The momentum of an electron is \(6.625 \times 10^{-28} \, kg \cdot ms^{-1}\). What is its wavelength in nm? - (Given: \( h = 6.625 \times 10^{-34} \, J \cdot s\))

• A. \(100\)
• B. \(1000\)
• C. \(500\)
• D. \(6625\)

Hint:

The de Broglie wavelength of a particle is given by: \[ \lambda = \frac{h}{p} \] Always ensure units are consistent, and convert meters to nanometers by multiplying by \(10^9\).

Answer 1

The Correct Option is B

Step 1: Using de Broglie Wavelength Formula The de Broglie wavelength is given by: \[ \lambda = \frac{h}{p} \] where: 
- \( h = 6.625 \times 10^{-34} \, J \cdot s \) (Planck’s constant), 
- \( p = 6.625 \times 10^{-28} \, kg \cdot ms^{-1} \) (momentum of the electron). 

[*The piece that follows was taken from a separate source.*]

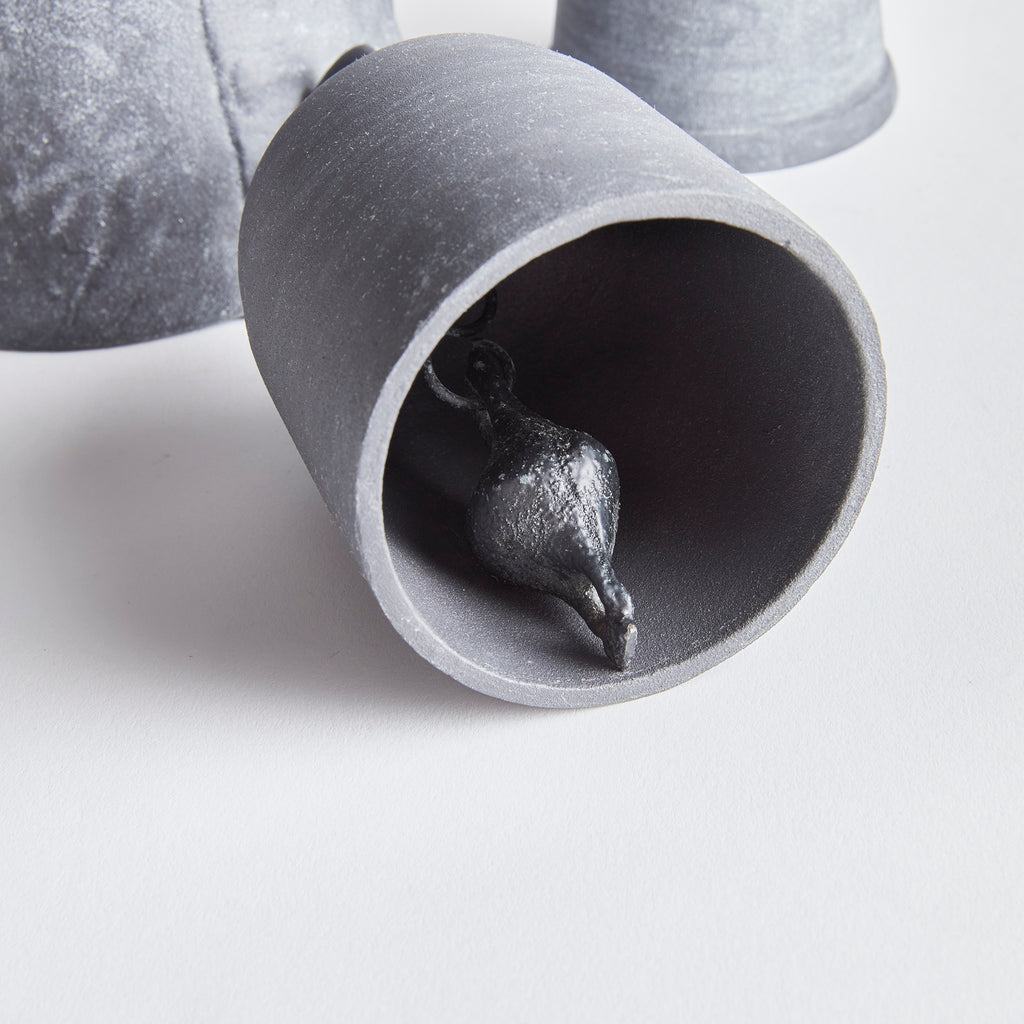 Black Cast Aluminum & Iron Bells - Set of 3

Step 2: Substituting the Given Values \[ \lambda = \frac{6.625 \times 10^{-34}}{6.625 \times 10^{-28}} \] \[ \lambda = 10^{-6} \, m \] Since \( 1 \, m = 10^9 \, nm \), we convert: \[ \lambda = 10^{-6} \times 10^9 = 1000 \, nm \] Thus, the correct answer is \( \mathbf{(2)} \ 1000 \).